═══ Dataset extract
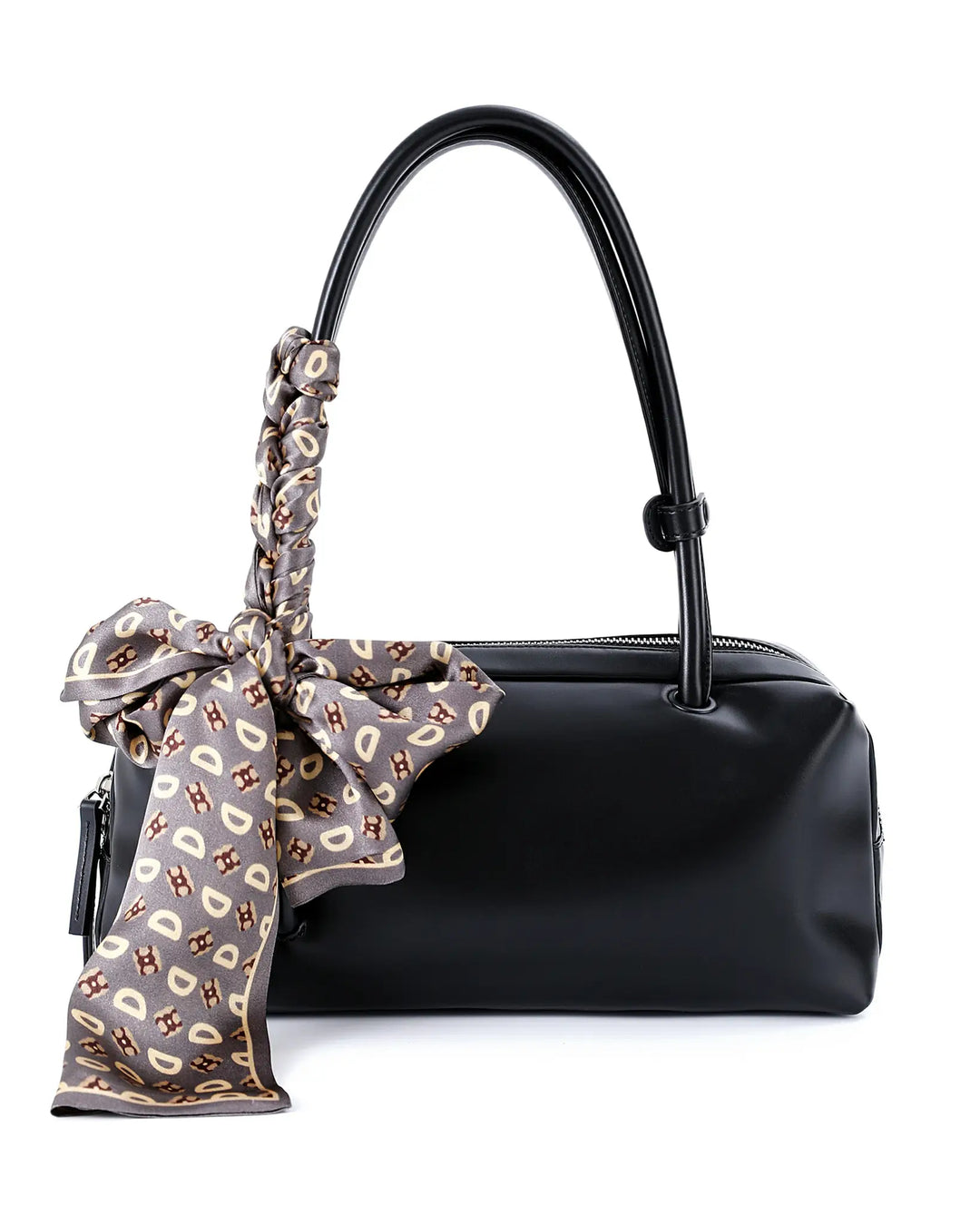 Black handbag with a patterned scarf tied around the handle on a white background
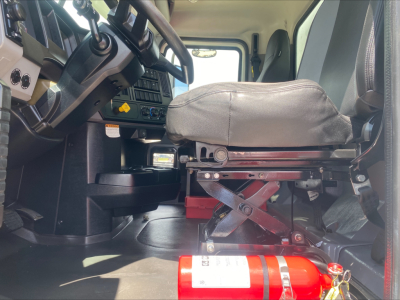Truck cab interior showing driver's seat and dashboard with fire extinguisher in foreground.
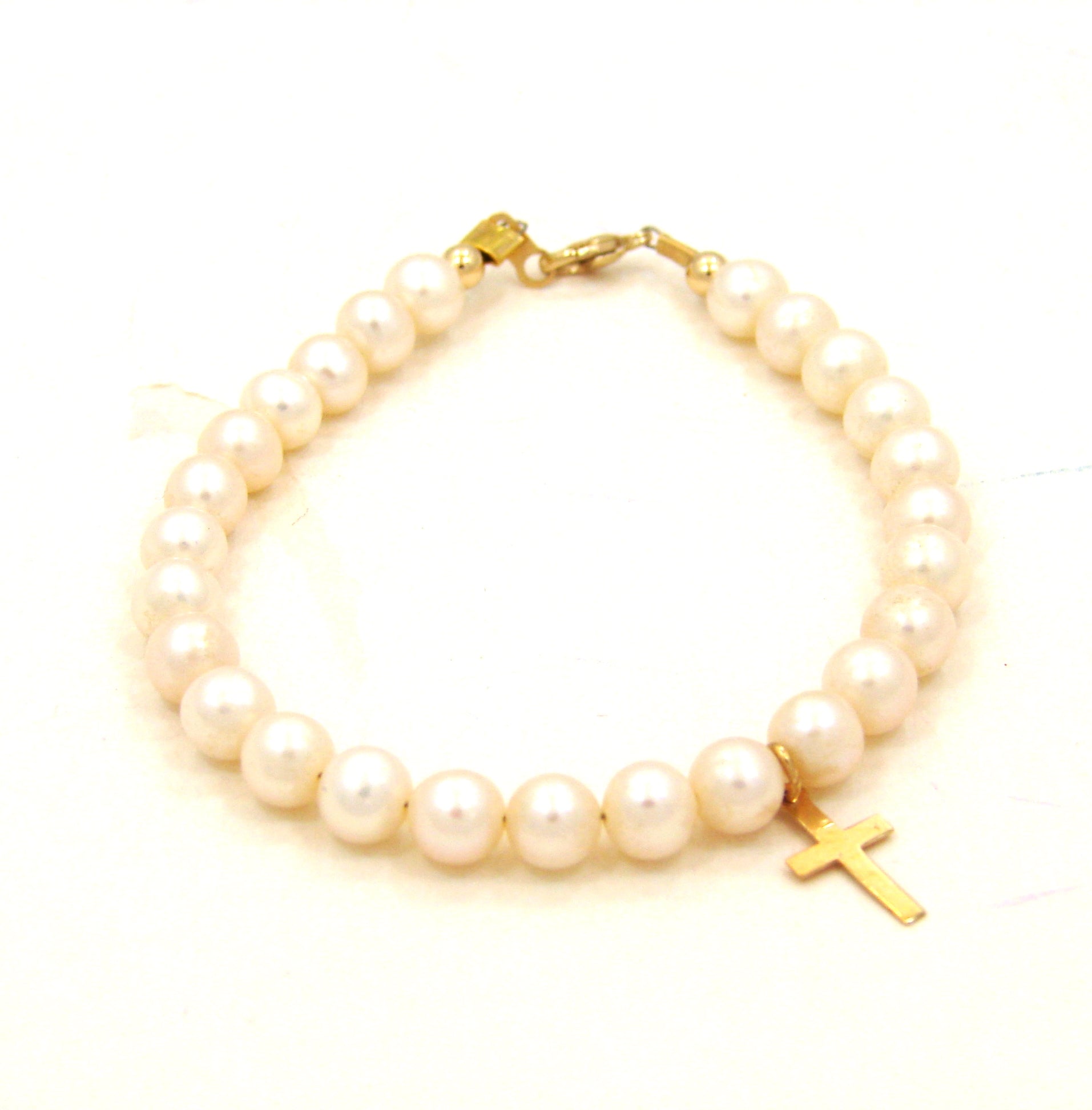 14 KT Mindy Harris Pearl Bracelet with cross lobster clasp and polished beads.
══════
Directions for this task »
Before writing out the material above, please remove its pictures; everything else stays exact.

Response for this exercise »
 Black handbag with a patterned scarf tied around the handle on a white background
Truck cab interior showing driver's seat and dashboard with fire extinguisher in foreground.
 14 KT Mindy Harris Pearl Bracelet with cross lobster clasp and polished beads.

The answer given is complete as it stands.